The Majesty from Russia enters into an exciting comparison and dialogue with the three Madonnas by Cimabue, Duccio, Giotto
The exhibition is the result of cultural exchanges between the Ministry for the Cultural Heritage and Activities, the Foreign Ministry and the corresponding Russian institutions in honour of the Italy – Russia 2011 celebrations.
The exhibition, organised at the Uffizi Gallery, hosts a large thirteenth-century panel painting (246 x 138 cm) portraying the Madonna and Child Enthroned and seventeen scenes from the Life of Mary. The painting comes from the Pushkin museum in Moscow.
The panel on display is an important Italian 13th-century painting, almost unknown even to scholars of primitive painting, which was purchased on the antiques market in Rome in 1863 by the Russian traveller and collector Petr Ivanovic Sevast’janov, renowned as an enthusiastic collector of Christian antiquities.
The work of art is compared with the three great Maestà (majesty) by Cimabue, Duccio and Giotto.
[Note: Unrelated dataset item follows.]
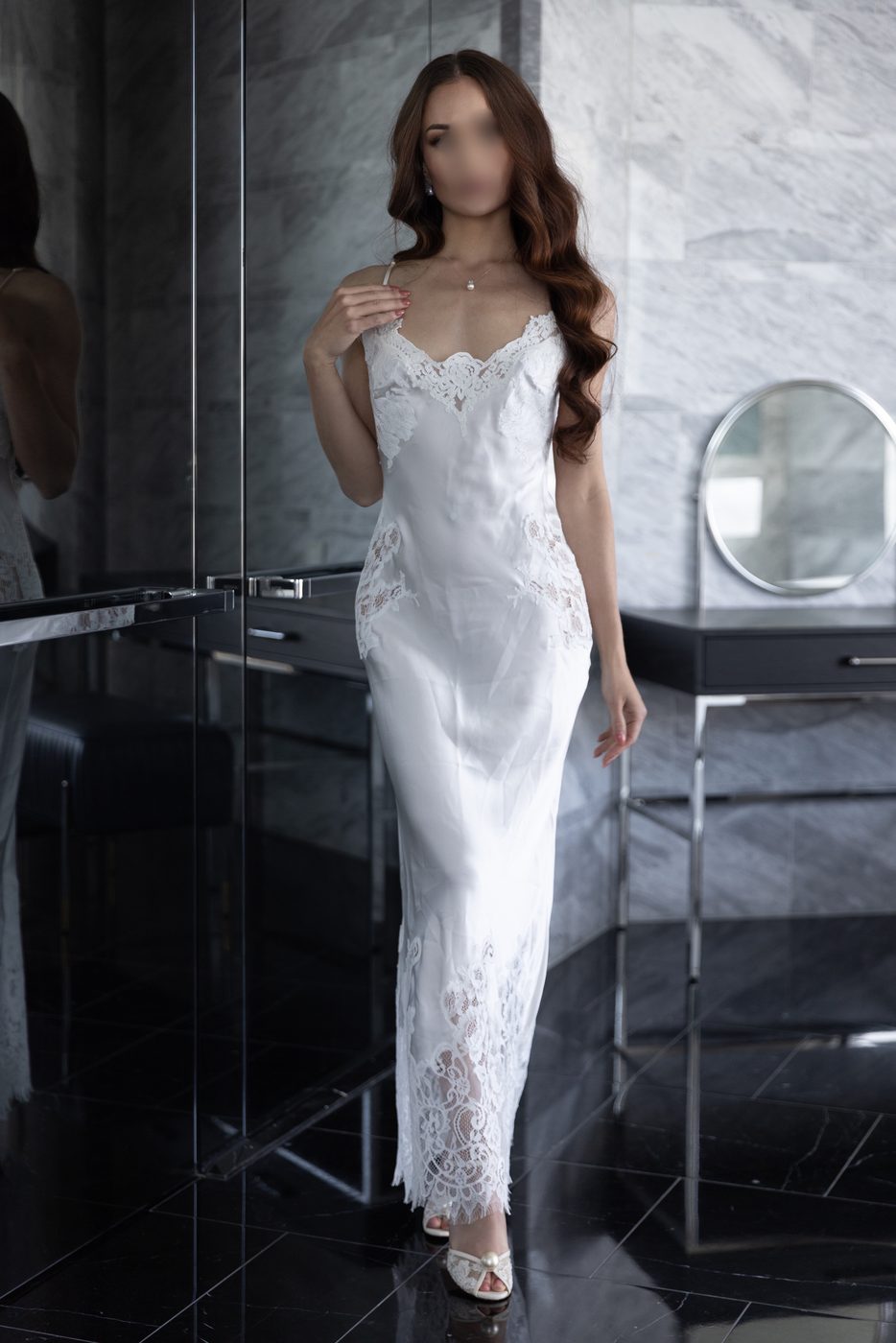 Irina in a white lace-trimmed silk slip gown and pearl jewellery, standing beside a round mirror in a marble bathroom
It clearly indicates the influence of the Byzantine pictorial culture that flourished extensively in Italy in the course of the twelfth and thirteenth centuries: the so-called “Greek manner” that Giorgio Vasari mentioned in his Lives.
The exhibition represents a chance to admire a masterpiece from the very origins of Italian painting and to appraise the lively narrative language expressed in the seventeen scenes set at the sides of the central group of the Madonna and Child.